As per the subject line, manual overclock of 4.475GHz is significantly outperforming PBO of 4.65-4.70GHz all core. How is this possible?
Clocks are verified across multiple programs such as hwinfo and core temp and the dreadful Asus AI suite 3.
Benchmark program is cinebench R23.
The system is 100% stable and also curiously the PBO which goes higher than the manual overclock gets 5-6c lower.
Many thanks in advance.
Bit of a trick question, as in mobo model. whether bios/software OC ?
Some monitoring apps are known to reduce perf. on some benchmarks (e.g. cinebench (it is documented))?
You may do better asking on some Overclockers forums (they'll want specifics).
All changes are done directly to the BIOS.
The motherboard is Asus ROG Crosshair VIII Hero Wi-Fi.
The environment is exactly the same in both test cases and the results are consistent. There is a huge gap in performance of a range of 10-12%.
Good point about overclockers forums, I guess that's my next stop but I thought to ask here in case it's a known issue or other people came across it.
Thank you again.
Could be just down to 'silicon lottery', but someone in an OC forum can probably help get the best out of it ?
PBO is not an overclock. It just lets your CPU consume more power, which allows it to maintain higher clock speeds under full load. And unlike a manual overclock, it does not lower the max boost clock when only one or two cores are active.
The 5950X with PBO does not maintain the clock speeds you claim under an all-core load. It will be at around 4.4 or 4.45GHz on all cores.
Either the monitoring programs you're using are wrong, or you're not reading the information correctly.
Thank you Thanny, I can reassure you that I can read correctly simple values
Whether PBO falls under the category of overclock or not, I guess is not directly relevant. The fact is, all core jumps between 4.650-4.7GHz in PBO while my manual overclock was steady at 4.475GHz yet it performed better.
I have done some tuning (negative voltage and tuned the curve) among other things which may explain the higher than usual clocks under PBO. I also have open loop with dual pump and 2 460 radiators among other things which can keep the temperatures relatively low (100% usage brings me to 79c). My understanding is that PBO will keep the clocks if there is temperature room and that is definitely what all of my tools report.

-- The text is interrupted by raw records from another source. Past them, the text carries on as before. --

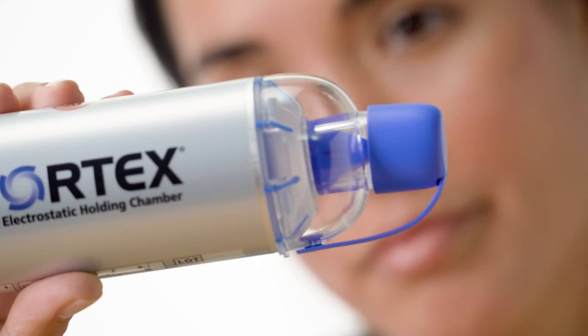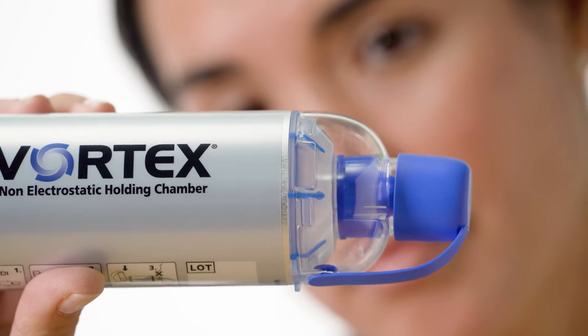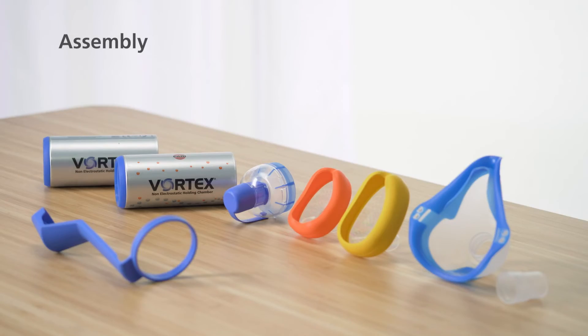Check that there are no foreign bodies on or in the holding chamber and ensure that the valve is closed. Once you've checked the individual parts, you can start to assemble them.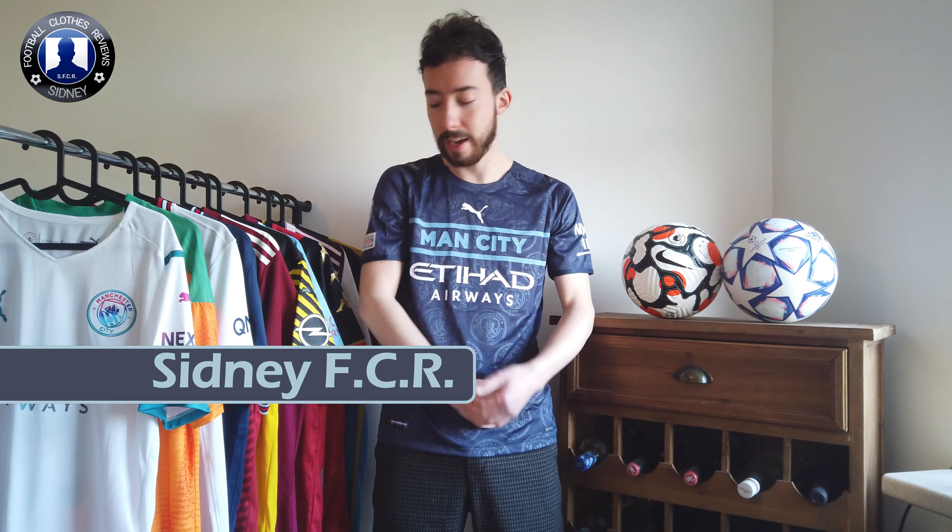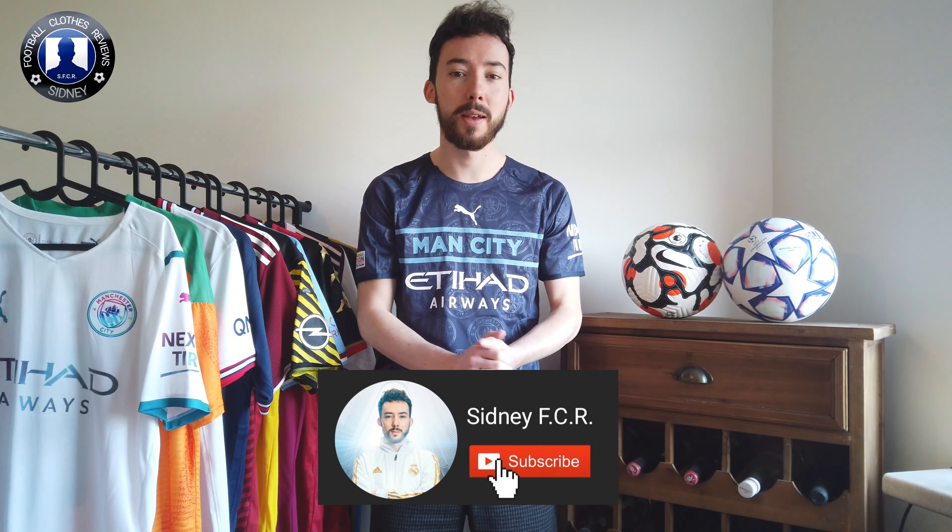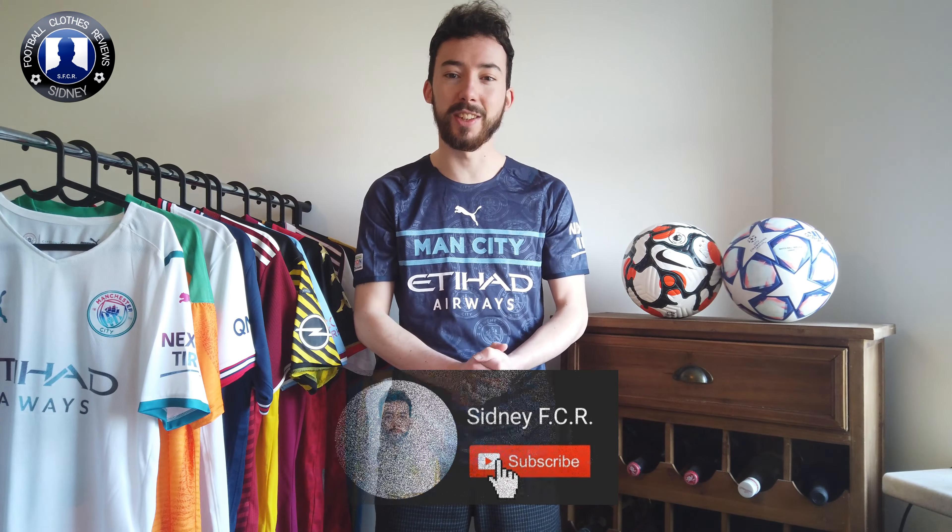Yo everyone, my name is Sydney FCR and welcome to another review video. In this video today I'm going to take a closer look at this Manchester City third jersey of this season 2021-2022, customized with the Champions League badges as well as my rest number 26 on the back. Before we check it out make sure to subscribe to my YouTube channel, way more awesome videos on the way. Now let's check out this Manchester City jersey.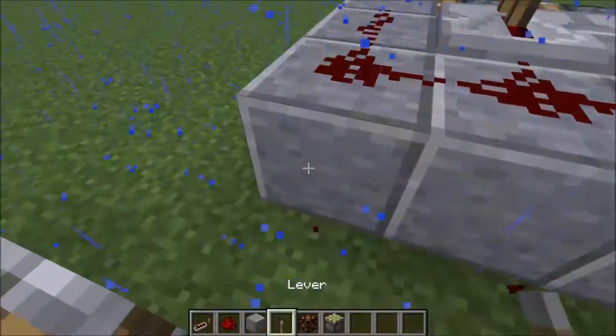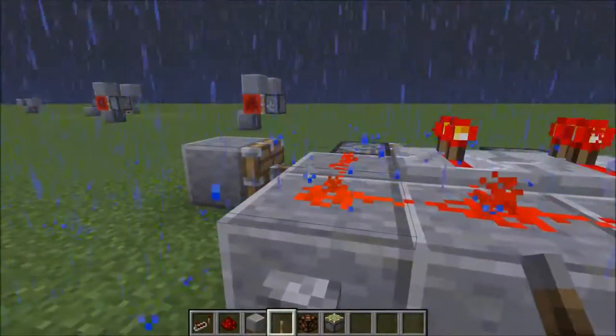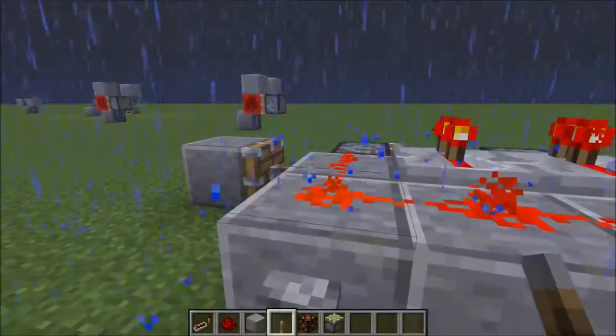You will have two ticks on the second one and one tick on the first one. Then after that you will have some redstone along this, then after that you can add the lever and voila.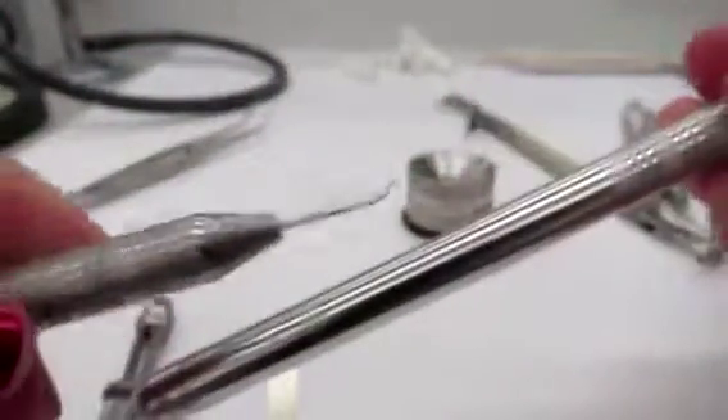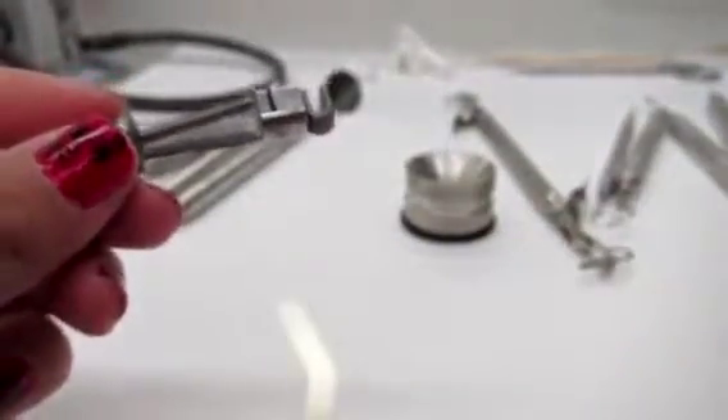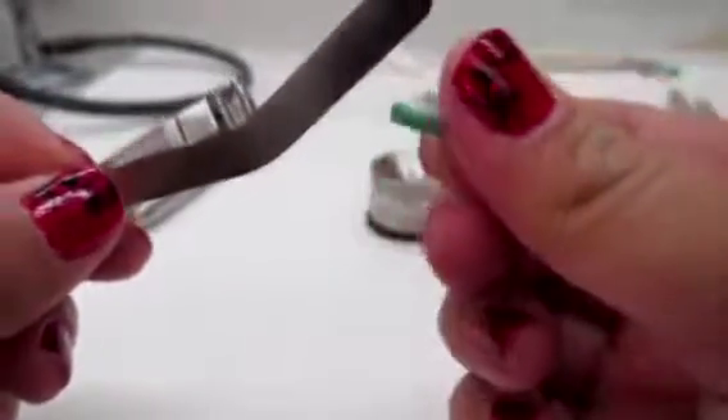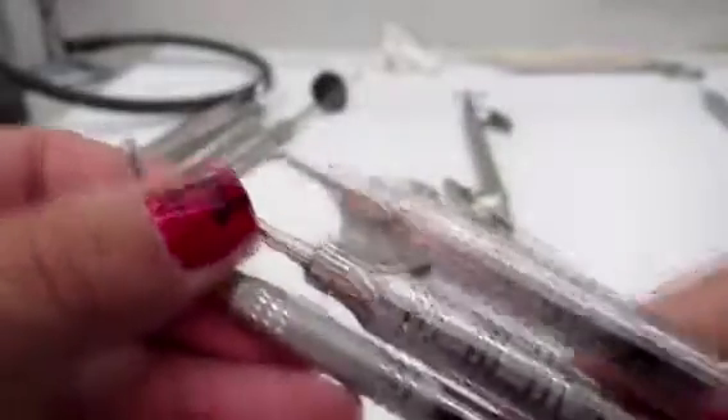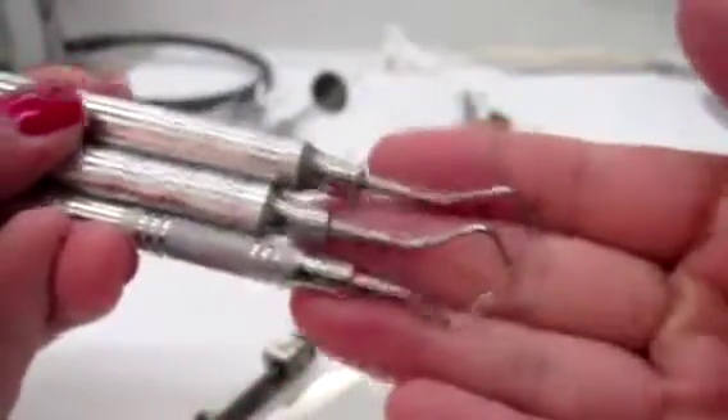So we're going to take you step by step. First thing you're going to need is your basic everything: your mirror — well you don't need the probe but you need an explorer for sure — and you need card pliers. You're going to need a matrix band, a Kofferhaer retainer, and you're going to need a wedge. You want a nice thick wedge so that you can separate the teeth a little and make room for not only the band but a nice tight contact. You're going to need your amalgam well, an amalgam carrier, and then your condensers. They come in all different sizes — you start with the smallest one and work your way up.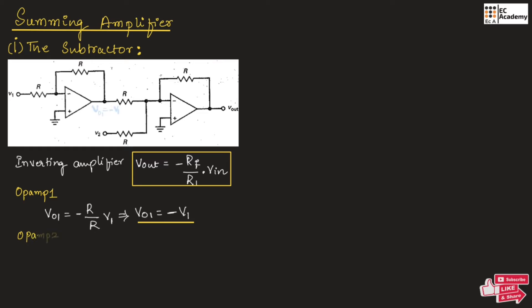Now for op-amp 2, the input voltages will be minus V1 and V2. So it will be the addition of minus V1, which is the output of the first op-amp, and the input voltage V2. Therefore, V02, which is the actual output Vout, can be written as minus R divided by R into minus V1, plus minus R divided by R into V2. This is the output voltage for the first input and this is the output voltage for the second input, and these two are added.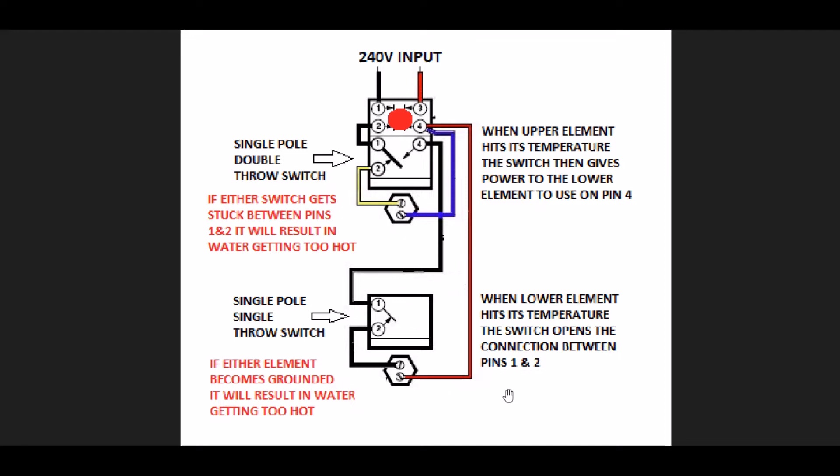I just want to go over a schematic of how this thing basically works. The water tank has an upper and lower element and a 240-volt input. There's an emergency reset switch — in case all else fails and the water gets too hot, it's supposed to open up to disengage the 240-volt input from the rest of the circuit. You also have a mechanical pressure relief valve as a backup. So just to go over how it's normally supposed to work, starting with a fresh tank of cold water when electricity first gets turned on.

Which brings the outstanding question of what is going on here.
Download Ryzen Master. Go to advanced view. Close out of all other monitoring applications. Do a Cinebench R23 run with your manual overclock, and do one only with PBO enabled. Send a screenshot of the Ryzen Master window while the test is running, where the frequencies of all cores are visible. Then please post the results of the two tests.
PBO boosts cores dynamically. Some cores will get a higher frequency during certain workloads; although during a Cinebench test all cores should be around the same frequency. Generally, doing a manual overclock will yield better performance in all-core workloads, but PBO will perform much better in lightly threaded tasks where it can boost one or two cores to 5 GHz temporarily, which your manual static overclock can't achieve.
Changing the voltage might be negatively affecting the stability, which will hurt performance before it causes any kind of crashing.
You should check PBO performance at stock voltage first, then start reducing it again, stopping when you lose performance.